Ministry of Housing, Communities & Local Government (MHCLG) advice issued in January 2020 for building owners of multi-storey, multi-occupied residential buildings, states that external walls of buildings, of any height, should not assist the spread of fire. It also states that balconies made of combustible materials may fail to meet the appropriate standard of safety and could pose a risk to the health and safety of residents and other building users.
Understand and communicate the risks
Whilst the MHCLG advice states that freeholders should ensure that they understand the materials used in the construction of balconies, and that the removal and replacement of any combustible material used in balcony construction is the clearest way to prevent external fire spread from balconies and therefore to meet the intention of building regulation requirements, building owners should also ensure that any risks arising from balconies are considered as part of the fire risk assessment and information provided to residents.

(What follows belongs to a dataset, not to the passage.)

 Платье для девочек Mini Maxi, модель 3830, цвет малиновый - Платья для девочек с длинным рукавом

Freeholders, and their managing agents, should therefore check that the regulations governing the use of the building are adequate to minimise the risk of fires occurring on balconies – irrespective of whether or not the balconies are considered to be safe in terms of the materials used in their construction.

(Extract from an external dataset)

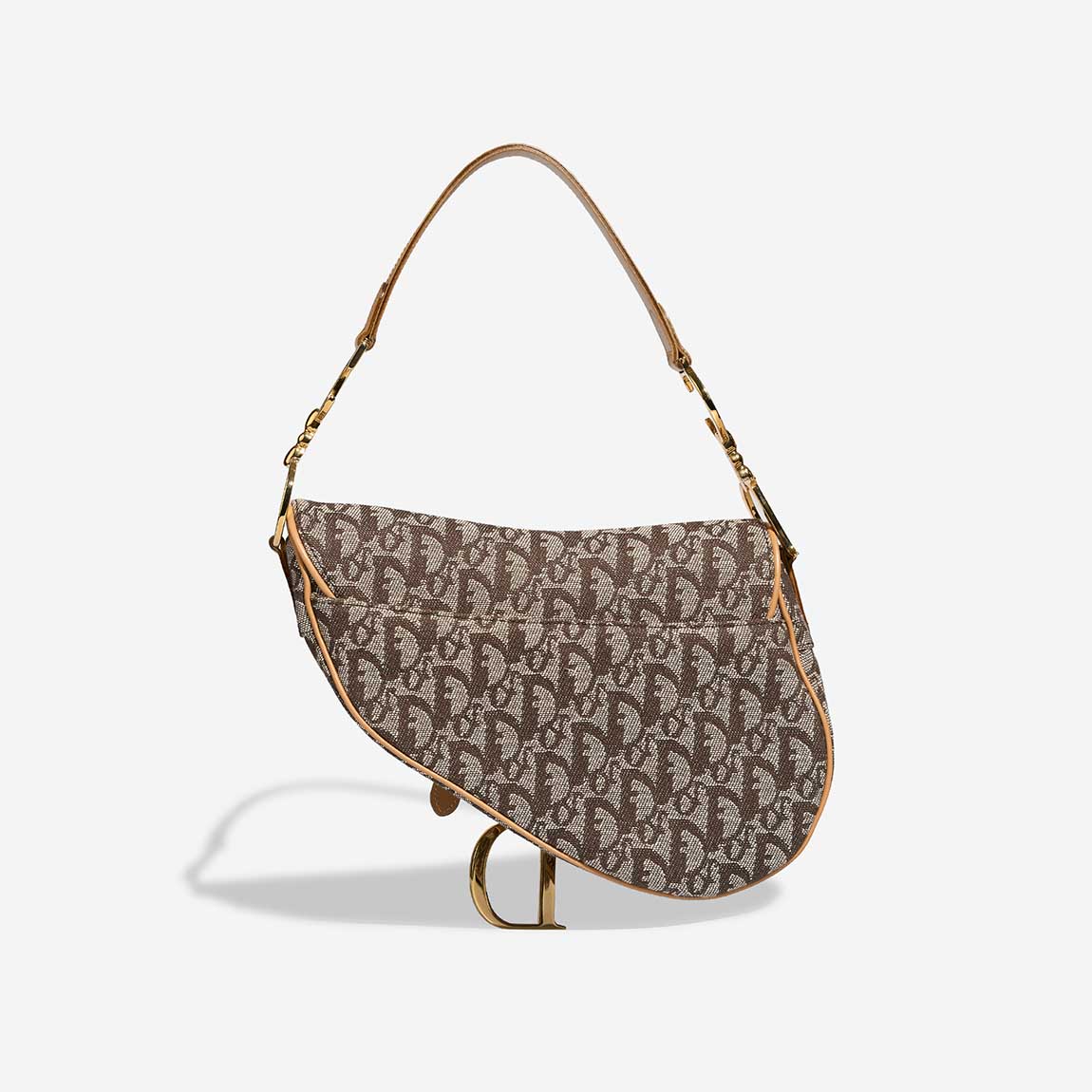 Dior Saddle Medium Fabric Light Brown | Sell your designer bag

Where necessary, new or better regulations should be issued to minimise the risk of fires occurring on balconies.
These regulations could include:
- Banning barbecues on balconies;
- Not storing gas cylinders on balconies;
- Banning smoking on balconies, or disposing of discarded cigarettes on or over the side of balconies, or
- Not storing any items on a balcony that might catch fire.
Once you have your balcony fire safety regulations in place, you need to monitor and enforce them effectively.
Most long residential leases give the freeholder or managing agent the ability to take action to enforce breaches of covenant. If a leaseholder breaches their fire safety obligations, action can take the form of an initial letter and, if necessary, further steps potentially leading to the threat of forfeiture of the lease. The costs of such action will normally be recoverable under the terms of the lease from the offending leaseholder.